Today we will be playing a red and white colouring game (no, this is not the Russian Civil War; these are just the colours of the Canadian flag).
You are given an $$$n \times m$$$ grid of "R", "W", and "." characters. "R" is red, "W" is white and "." is blank. The neighbours of a cell are those that share an edge with it (those that only share a corner do not count).
Your job is to colour the blank cells red or white so that every red cell only has white neighbours (and no red ones) and every white cell only has red neighbours (and no white ones). You are not allowed to recolour already coloured cells.
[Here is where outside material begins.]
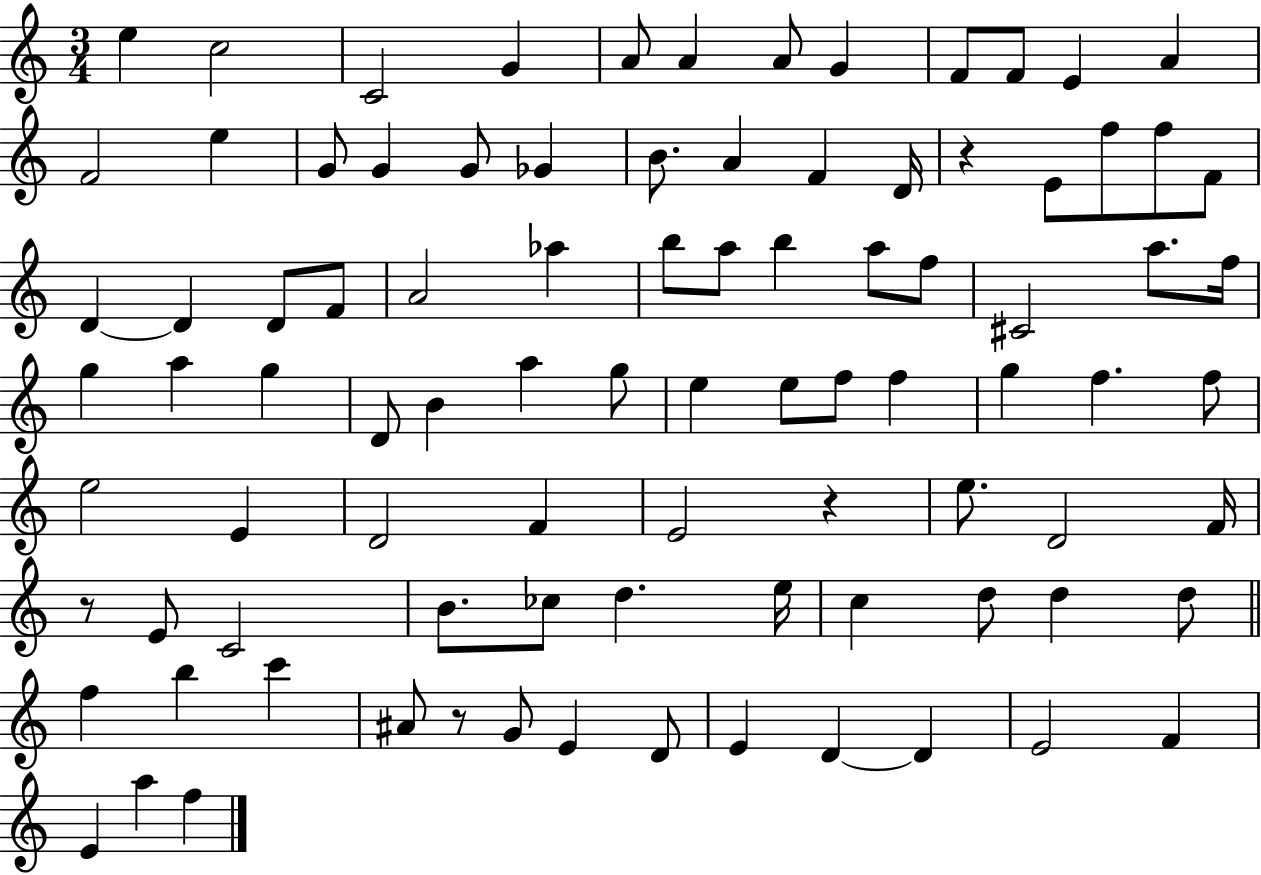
E5/q C5/h C4/h G4/q A4/e A4/q A4/e G4/q F4/e F4/e E4/q A4/q F4/h E5/q G4/e G4/q G4/e Gb4/q B4/e. A4/q F4/q D4/s R/q E4/e F5/e F5/e F4/e D4/q D4/q D4/e F4/e A4/h Ab5/q B5/e A5/e B5/q A5/e F5/e C#4/h A5/e. F5/s G5/q A5/q G5/q D4/e B4/q A5/q G5/e E5/q E5/e F5/e F5/q G5/q F5/q. F5/e E5/h E4/q D4/h F4/q E4/h R/q E5/e. D4/h F4/s R/e E4/e C4/h B4/e. CES5/e D5/q. E5/s C5/q D5/e D5/q D5/e F5/q B5/q C6/q A#4/e R/e G4/e E4/q D4/e E4/q D4/q D4/q E4/h F4/q E4/q A5/q F5/q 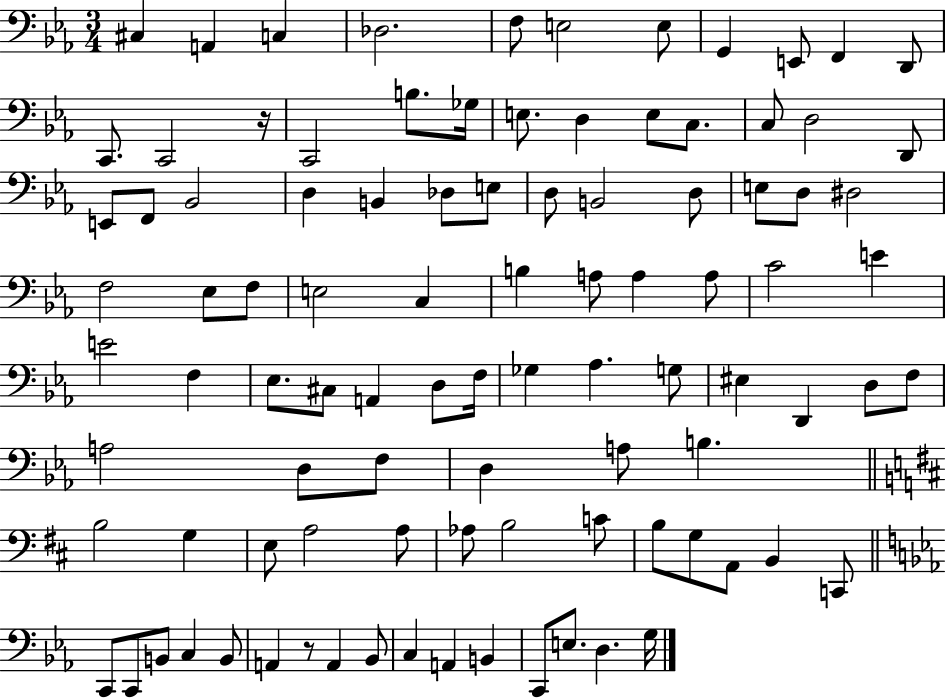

The first line contains $$$t$$$ ($$$1 \le t \le 100$$$), the number of test cases.
In each test case, the first line will contain $$$n$$$ ($$$1 \le n \le 50$$$) and $$$m$$$ ($$$1 \le m \le 50$$$), the height and width of the grid respectively.
The next $$$n$$$ lines will contain the grid. Each character of the grid is either 'R', 'W', or '.'.
For each test case, output "YES" if there is a valid grid or "NO" if there is not.
If there is, output the grid on the next $$$n$$$ lines. If there are multiple answers, print any.
In the output, the "YES"s and "NO"s are case-insensitive, meaning that outputs such as "yEs" and "nO" are valid. However, the grid is case-sensitive.
3 4 6 .R.... ...... ...... .W.... 4 4 .R.W .... .... .... 5 1 R W R W R
YES WRWRWR RWRWRW WRWRWR RWRWRW NO YES R W R W R
The answer for the first example case is given in the example output, and it can be proven that no grid exists that satisfies the requirements of the second example case. In the third example all cells are initially coloured, and the colouring is valid.